Faithful Raymond was there as we got off and after a few visits to various shop owners he knew, we arrived at a lovely house, home of Shiney, an advocate (lawyer) taking time off to raise her children. She fed us another multi-course meal and off to the dental office to see her husband’s work. He showed us a computer presentation of before-and-after photos of people he made beautiful simply by filling in the gaps in their teeth or straightening them. He also specializes in root canal and said that some people come from Europe and America to get work done because it’s so cheap, even with airfare and accommodations. With all the dental work I have before me, an interesting proposition!
Then a visit to four government-run places, all close to each other, where Raymond and Shiney volunteer two or three times a week—a place for mentally handicapped children, for psychologically disturbed adults, a shelter for abused women and an old age home. Reminded me of touring similar places in Cuba. The first was the liveliest, as the children sang several songs for us and I returned the favor. Music, again, as the most direct form of communication.
Two more houses of friends to visit, drink tea and chat and then there was supposed to be a Kathakali performance at 6:30. But Narayanan called and said it had been changed to 8:00 pm, the kids were weary and Cheruthuruthy a long bus ride away. So I reluctantly let it go. But pulling into the old hometown, I heard music from the open field by the school house and got off by myself to check it out. It was devotional music with drum, violin, harmonium, cymbals and singer, too loudly amplified, but fun to figure out the form. Mostly a soloist singing the names of various gods—Shiva, Parvati, Vishnu, Krishna, Nataraja, Govinda and more—in different rhythmic configurations, then answered by the drums and harmonium in echo fashion. Not exactly the whole gestalt of evening Kathakali, but helped me remember the beauty of these nighttime performances in India, in Java, in Bali, sometimes all-night long under the stars or full moon, as much a part of the total feeling of the art form as an intimate nightclub is to jazz. That’s when the magic happens.
Took a wrong turn walking home and walked a mile in the wrong direction before trusting my intuition that something was wrong. Walking in the dark past people who couldn’t easily see my face or skin color and thinking, “I am just a human being again.”
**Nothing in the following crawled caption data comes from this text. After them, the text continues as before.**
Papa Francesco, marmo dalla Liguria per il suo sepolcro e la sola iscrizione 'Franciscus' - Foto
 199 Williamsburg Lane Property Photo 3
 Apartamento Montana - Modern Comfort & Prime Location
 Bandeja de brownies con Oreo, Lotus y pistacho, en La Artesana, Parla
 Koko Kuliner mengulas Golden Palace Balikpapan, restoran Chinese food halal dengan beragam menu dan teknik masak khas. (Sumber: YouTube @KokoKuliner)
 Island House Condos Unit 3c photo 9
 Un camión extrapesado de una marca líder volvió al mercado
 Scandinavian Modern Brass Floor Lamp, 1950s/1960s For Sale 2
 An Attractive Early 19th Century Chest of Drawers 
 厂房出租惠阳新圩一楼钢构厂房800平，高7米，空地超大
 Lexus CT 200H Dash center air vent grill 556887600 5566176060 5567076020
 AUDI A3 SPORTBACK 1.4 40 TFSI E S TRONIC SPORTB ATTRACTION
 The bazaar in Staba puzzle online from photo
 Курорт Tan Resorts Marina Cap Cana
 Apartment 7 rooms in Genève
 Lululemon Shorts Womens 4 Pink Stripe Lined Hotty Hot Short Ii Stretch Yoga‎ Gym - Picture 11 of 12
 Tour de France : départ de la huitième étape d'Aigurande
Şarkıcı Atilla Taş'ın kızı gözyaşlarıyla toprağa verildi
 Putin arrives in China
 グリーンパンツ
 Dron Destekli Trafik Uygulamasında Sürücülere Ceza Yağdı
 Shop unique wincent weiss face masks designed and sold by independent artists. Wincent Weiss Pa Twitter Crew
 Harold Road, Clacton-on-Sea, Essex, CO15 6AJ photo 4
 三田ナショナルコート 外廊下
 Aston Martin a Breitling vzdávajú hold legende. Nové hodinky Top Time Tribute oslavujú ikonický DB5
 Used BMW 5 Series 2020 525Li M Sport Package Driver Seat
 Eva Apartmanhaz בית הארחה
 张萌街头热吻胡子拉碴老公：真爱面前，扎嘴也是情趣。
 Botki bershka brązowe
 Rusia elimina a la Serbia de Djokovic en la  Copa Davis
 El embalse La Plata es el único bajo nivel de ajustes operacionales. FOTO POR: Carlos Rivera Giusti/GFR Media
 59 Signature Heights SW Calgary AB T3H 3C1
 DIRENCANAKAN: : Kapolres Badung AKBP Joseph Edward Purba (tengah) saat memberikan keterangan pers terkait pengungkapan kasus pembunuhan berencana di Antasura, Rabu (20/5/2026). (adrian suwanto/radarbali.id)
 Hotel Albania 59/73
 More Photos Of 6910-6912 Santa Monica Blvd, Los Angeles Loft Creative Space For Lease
And Raymond, when asked about his religion, answers, “I am a member of the Human Religion. Take care of the poor, comfort the afflicted.” When we met him at 35 years old, his wife taught school and he seemed aimless, happy just to hang out with us. Soon after, he got some bit parts in movies, often as the villain. And now he has arrived at this new place in his life, volunteering his time to help the needy.
He likes to tell the story of our send-off at the Shornur train station. I was distraught that I had nothing to give to him to remember me by and vice-versa, so right there in the station, we traded shirts. And this somehow symbolized the life he was living now, willing to give the shirt off his back to help those who might need it. And I’d like to think that I would too. Or at least give it to Raymond.